Savunmanın Özeti : Savunma verilmemiştir.
Danıştay Savcısı …’ın Düşüncesi : İleri sürülen bozma nedenleri, 2577 sayılı İdari Yargılama Usulü Kanununun 49. maddesinin 1 numaralı bendinde öngörülen nedenlerden hiçbirisine girmediğinden, temyiz isteğinin reddi ile hukuka ve usul hükümlerine uygun bulunan, vergi mahkemesi kararının onanması gerekeceği düşünülmektedir.
Tetkik Hakimi …’nin Düşüncesi : İnceleme, katma değer vergisi indirimlerinin 3065 sayılı Yasanın 29. ve 34. maddesine uygun olarak kullanılıp kullanılmadığına yönelik olduğundan olayda işyerinde inceleme yapmayı gerektiren bir husus bulunmamaktadır.
Dolayısıyla defter ve belgelerin incelemeye ibraz edilmemesi nedeniyle olayda 213 sayılı Yasanın 30. maddesine göre re’sen tarh sebebi bulunduğundan, mahkemenin olayda re’sen tarh sebebinin mevcut olmadığı gerekcesiyle kaçakçılık cezasını kaldırmasında yasal isabet görülmemiştir. Ancak yeniden verilecek kararda matrah farkının beyannameler üzerinden saptandığı dikkate alınarak kesilen kaçakçılık cezası hakkında bir karar verilmesi gerekmektedir.
Açıklanan nedenle, mahkeme kararının bozulması gerektiği düşünülmektedir.
TÜRK MİLLETİ ADINA

Hüküm veren Danıştay Onbirinci Dairesince işin gereği görüşüldü:
213 sayılı Vergi Usul Kanununun 139. maddesinde vergi incelemelerinin, esas itibarıyla incelemeye tabi olanın işyerinde yapılacağı, işyerinin müsait olmaması, ölüm, işin terk edilmesi gibi zaruri sebeplerle incelemenin iş yerinde yapılması imkansız olur veya mükellef ve vergi sorumluları isterlerse incelemenin dairede yapılacağı, incelemenin dairede yapılması halinde istenilen defter ve vesikaları belli edilen zamanda mazeretsiz olarak getirmeyenlerin, bunları ibraz etmemiş sayılacağı, aynı Kanunun, defter ve belgelerin ibraz mecburiyeti başlıklı 256. maddesinde ise, bu kanuna göre defter tutmak mecburiyetinde olan gerçek ve tüzel kişilerin bu kısım gereğince muhafaza ettikleri her türlü defter, vesika ve karneleri muhafaza süresi içinde yetkili makam ve memurların talebi üzerine ibraz ve inceleme için arz etmeye mecbur oldukları, 134. maddesinin 1. fıkrasında da, vergi incelemesinde maksadın, ödenmesi gereken vergilerin doğruluğunu araştırmak, tespit etmek ve sağlamak olduğu hüküm altına alınmıştır.

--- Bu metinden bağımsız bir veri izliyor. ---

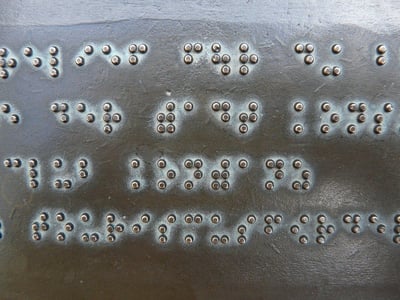 Braille-Schrift auf Metallplakette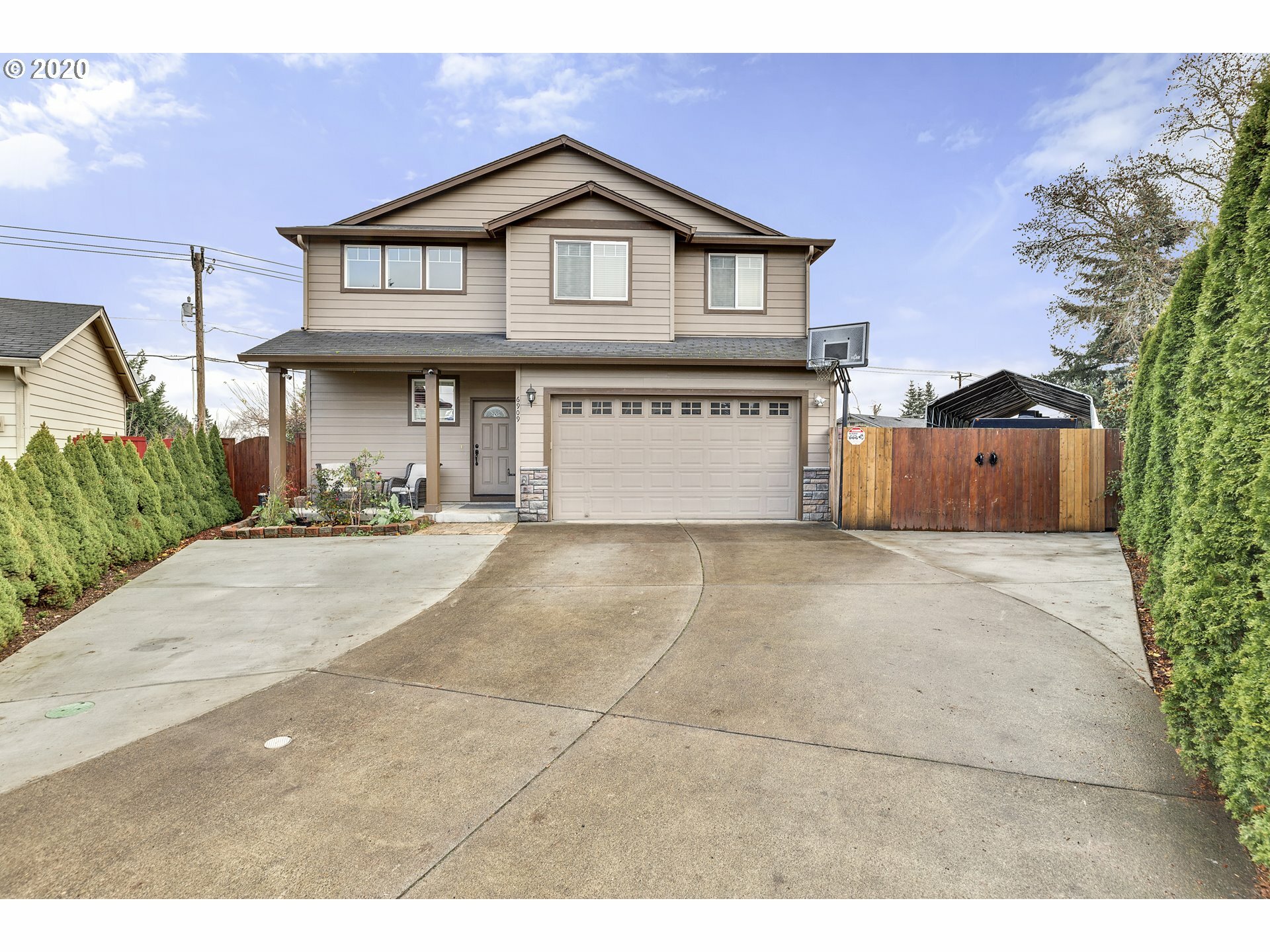 Property Photo: 6909 NE 100th Ct WA 98662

3065 sayılı Katma Değer Vergisi Kanununun 29. maddesinde, mükelleflerin yaptıkları vergiye tabi işlemler üzerinden hesaplanan katma değer vergisinden, kendilerine yapılan teslim ve hizmetler dolayısıyla hesaplanarak düzenlenen fatura ve benzeri vesikalarda gösterilen katma değer vergisini indirebilecekleri belirtilmiş, aynı Kanunun 34. maddesinin 1. fıkrasında; yurt içinden sağlanan veya ithal edilen mal ve hizmetlere ait katma değer vergisinin, alış faturası veya benzeri vesikalar ve gümrük makbuzu üzerinde ayrıca gösterilmek ve bu vesikalar kanuni defterlere kaydedilmek şartıyla indirilebileceği, 54. maddesinin 1. fıkrasında da katma değer vergisi mükelleflerinin, tutulması mecburi defter kayıtlarını bu verginin hesaplanmasına ve kontrolüne imkan verecek şekilde düzenlemeleri gerektiği hükme bağlanmış, fıkranın devamında, bu kayıtlarda yer alması gereken asgari hususlar dört bent halinde sayılmıştır.

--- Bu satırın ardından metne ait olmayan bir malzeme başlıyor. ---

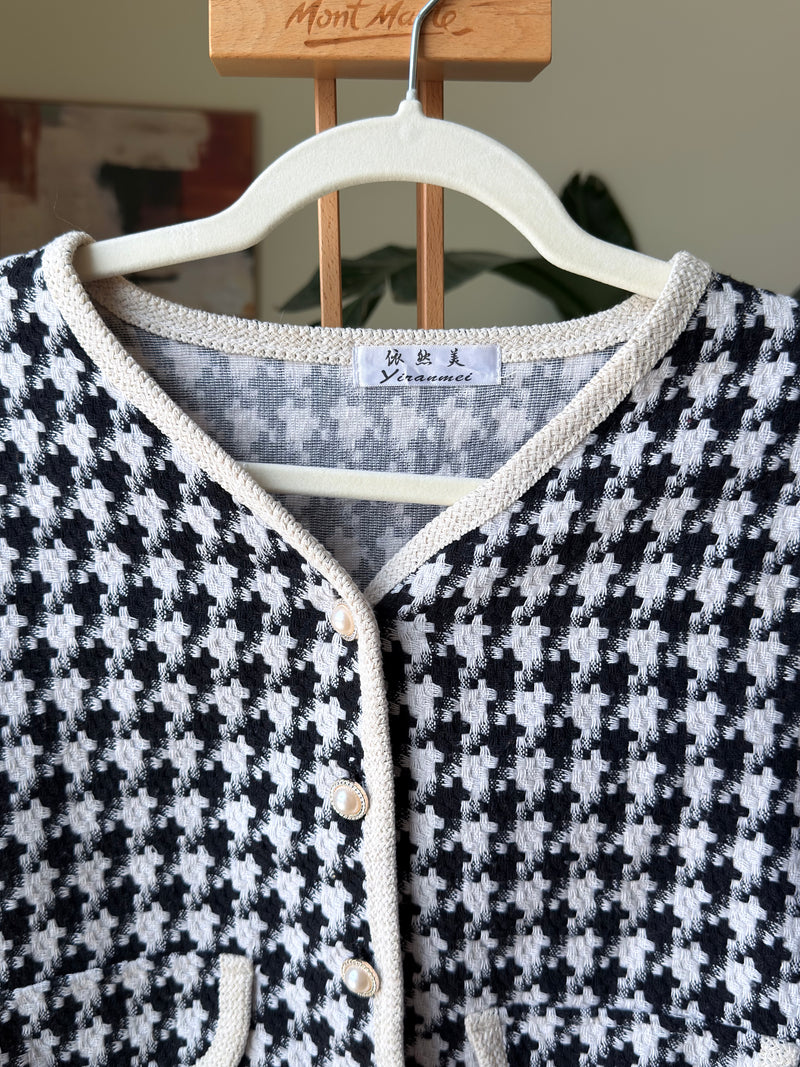 EXPLICIT Vintage Black White Checkered Buttoned Blouse — Women 2
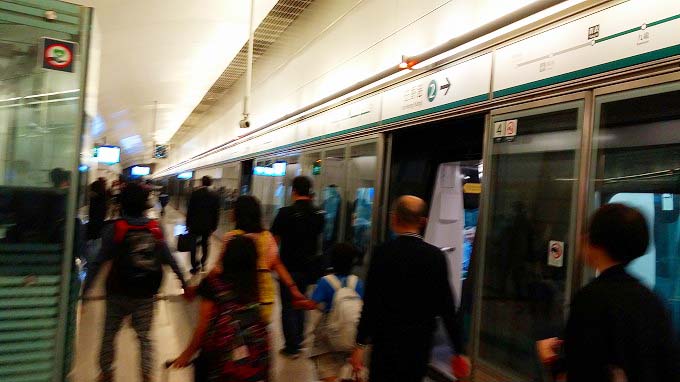 青衣駅・Ovolo Hotelへの道(Way to Hotel Ovolo West Kowloon.) 青衣駅・Ovolo Hotelへの道(Way to Hotel Ovolo West Kowloon.)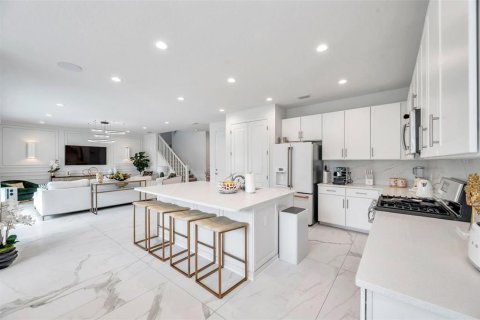 Villa ou maison à louer à Wesley Chapel, Floride: 3 chambres, 240.71 m2 № 2275444 - photo 3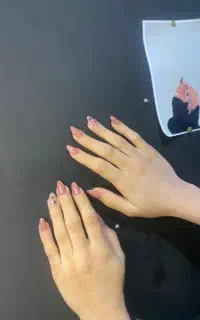 ترمیم ناخن۳۰۰ +یه ژلیش پا رایگان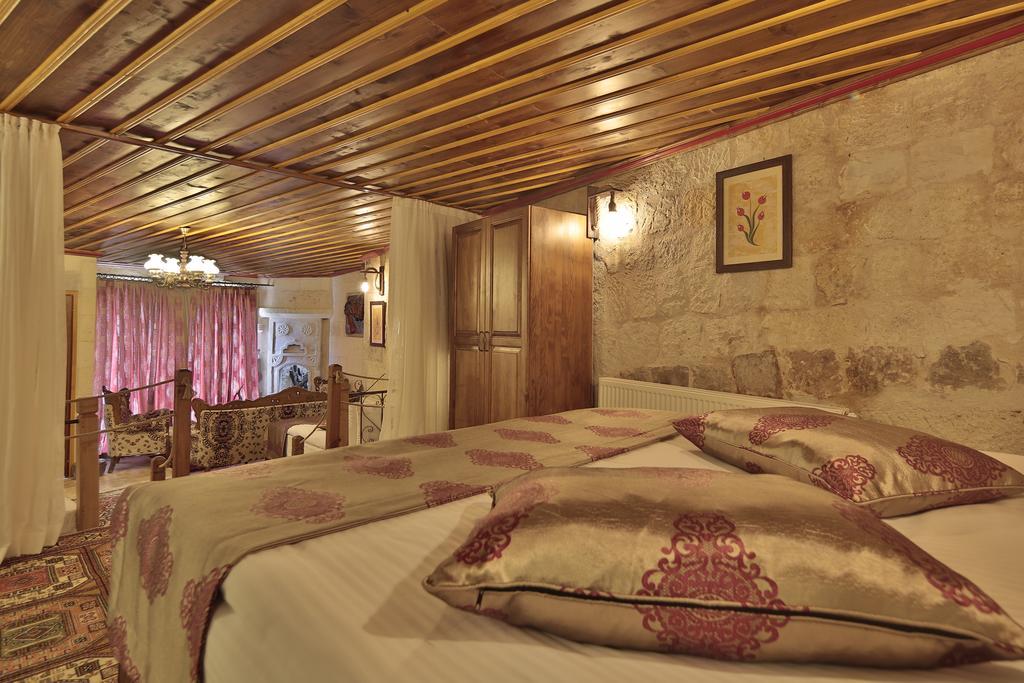 Aren Cave And Art Gallery Hotel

Dosyanın incelenmesinden yükümlünün 1994 yılına ilişkin defter ve belgelerinin katma değer vergisi indirimleri yönünden incelenmek üzere istendiği, ibraz edilmemesi üzerine katma değer vergisi indirimleri kabul edilmemek suretiyle kaçakçılık cezalı tarhiyat yapıldığı, davanın ise kaçakçılık cezasına karşı açıldığı anlaşılmaktadır.

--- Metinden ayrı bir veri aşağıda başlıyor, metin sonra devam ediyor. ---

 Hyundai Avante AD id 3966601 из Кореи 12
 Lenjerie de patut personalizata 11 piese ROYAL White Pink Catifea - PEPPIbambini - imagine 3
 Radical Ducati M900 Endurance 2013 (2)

Olayda inceleme 3065 sayılı Yasanın 29.ve 34. maddelerine istinaden, indirim hakkının yasaya uygun olarak kullanılıp kullanılmadığına yönelik olduğundan işyerinde inceleme yapılmasını gerektiren bir durum mevcut değildir.
Yükümlünün defter ve belgelerini incelemeye ibraz etmemesi nedeniyle 213 sayılı Yasanın 30. maddesine göre re’sen tarh sebebi gerçekleştiğinden aksi yönde verilen mahkeme kararında yasal isabet görülmemiştir.
Öte yandan, matrah farkının herhangi bir araştırma veya karşıt tespite dayanmadan, beyannameler üzerinden ve yükümlü tarh dosyasındaki bilgilerden saptanması nedeniyle, mahkemenin uyuşmazlık konusunu oluşturan kaçakçılık cezası hakkında karar verirken, bu hususları da gözönünde bulundurması gerekmektedir.
Açıklanan nedenlerle temyiz isteminin kabulüne, … Vergi Mahkemesinin … gün ve E:…, K:… sayılı kararının bozulmasına 13.1.1999 gününde oybirliği ile karar verildi.